### Required action
Look below for the line that contains "Mercedes-Benz SLC 200 (R172) 2018, foto 1" and the line that contains "Monkey power smoothie", then restate both of them and every line in between, exactly. No picture goes in the copy.

*** Opening of Given records ***

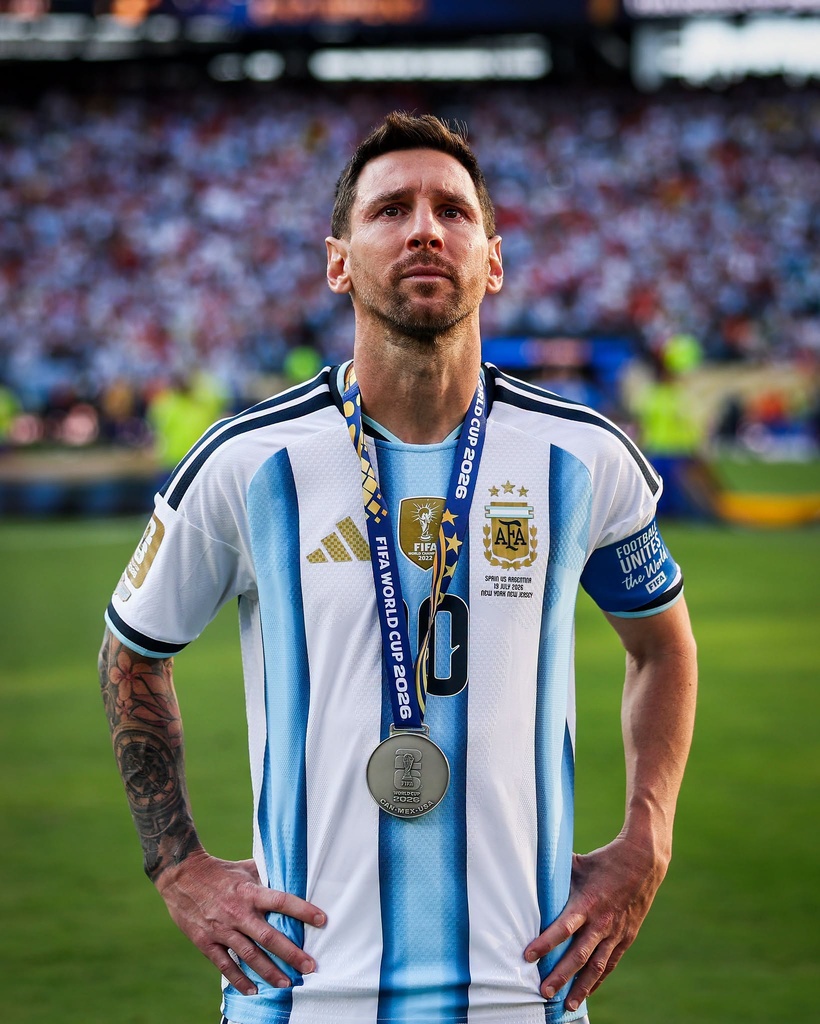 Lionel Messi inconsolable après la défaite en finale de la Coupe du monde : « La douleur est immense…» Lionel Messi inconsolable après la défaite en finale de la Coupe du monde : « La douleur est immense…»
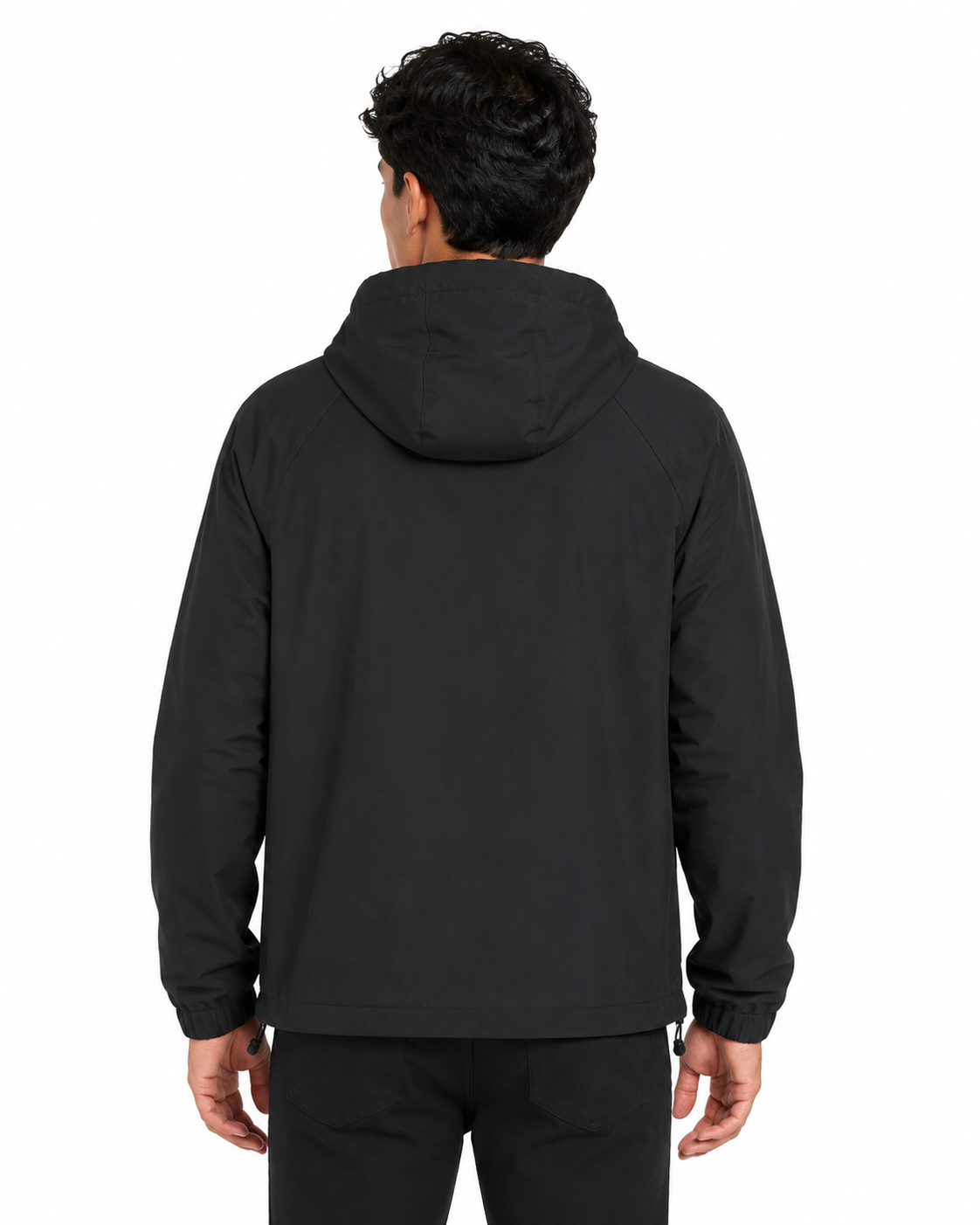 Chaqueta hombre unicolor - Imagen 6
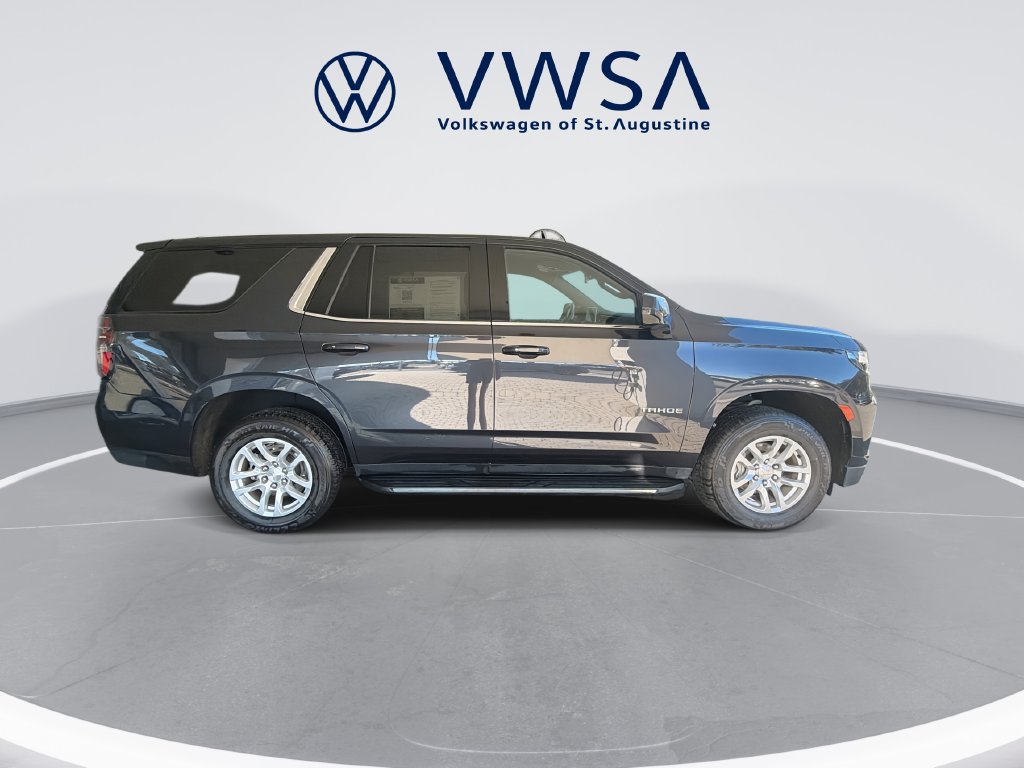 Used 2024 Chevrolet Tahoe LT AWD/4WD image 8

*** Close of Given records ***
*** Opening of Given records ***

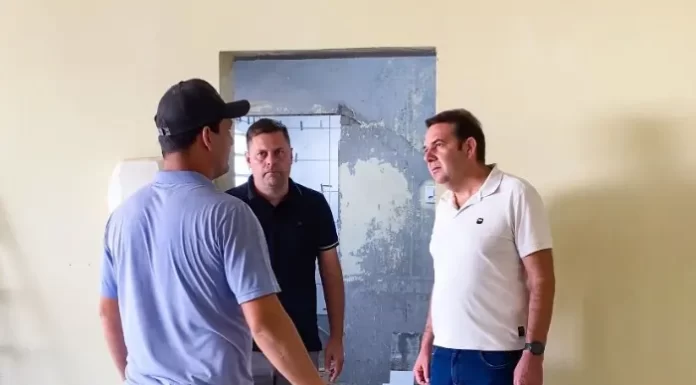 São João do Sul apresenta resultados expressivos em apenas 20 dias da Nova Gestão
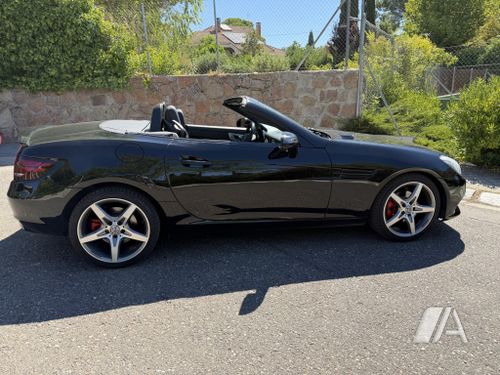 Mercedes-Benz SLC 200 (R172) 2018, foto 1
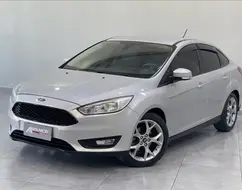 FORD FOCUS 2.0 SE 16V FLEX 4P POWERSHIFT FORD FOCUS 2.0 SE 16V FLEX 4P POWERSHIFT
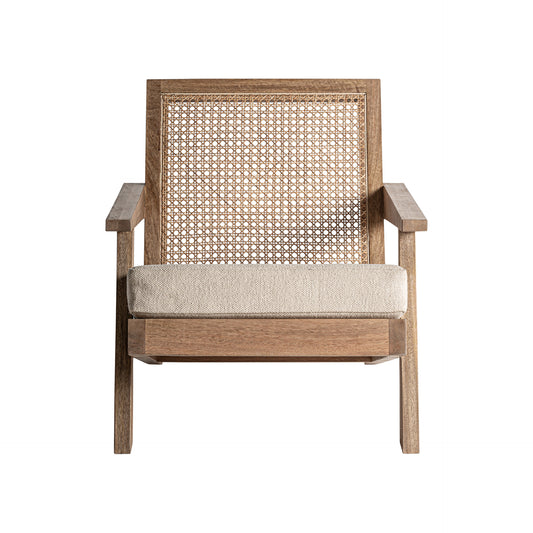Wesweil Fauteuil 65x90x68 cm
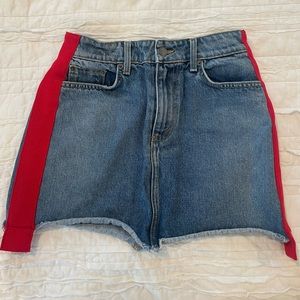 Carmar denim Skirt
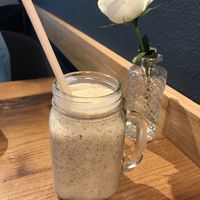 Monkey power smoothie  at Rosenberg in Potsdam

*** Close of Given records ***
*** Opening of Given records ***

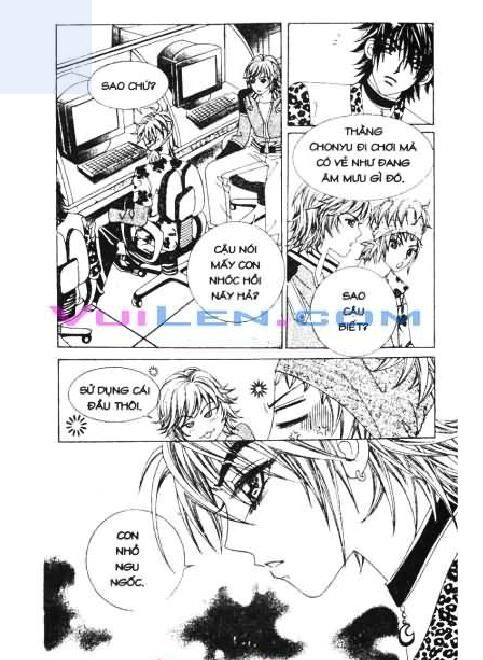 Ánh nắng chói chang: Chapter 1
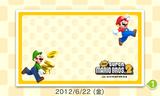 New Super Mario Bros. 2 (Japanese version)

*** Close of Given records ***

### Problem solution
 Mercedes-Benz SLC 200 (R172) 2018, foto 1
 FORD FOCUS 2.0 SE 16V FLEX 4P POWERSHIFT FORD FOCUS 2.0 SE 16V FLEX 4P POWERSHIFT
Wesweil Fauteuil 65x90x68 cm
 Carmar denim Skirt
 Monkey power smoothie  at Rosenberg in Potsdam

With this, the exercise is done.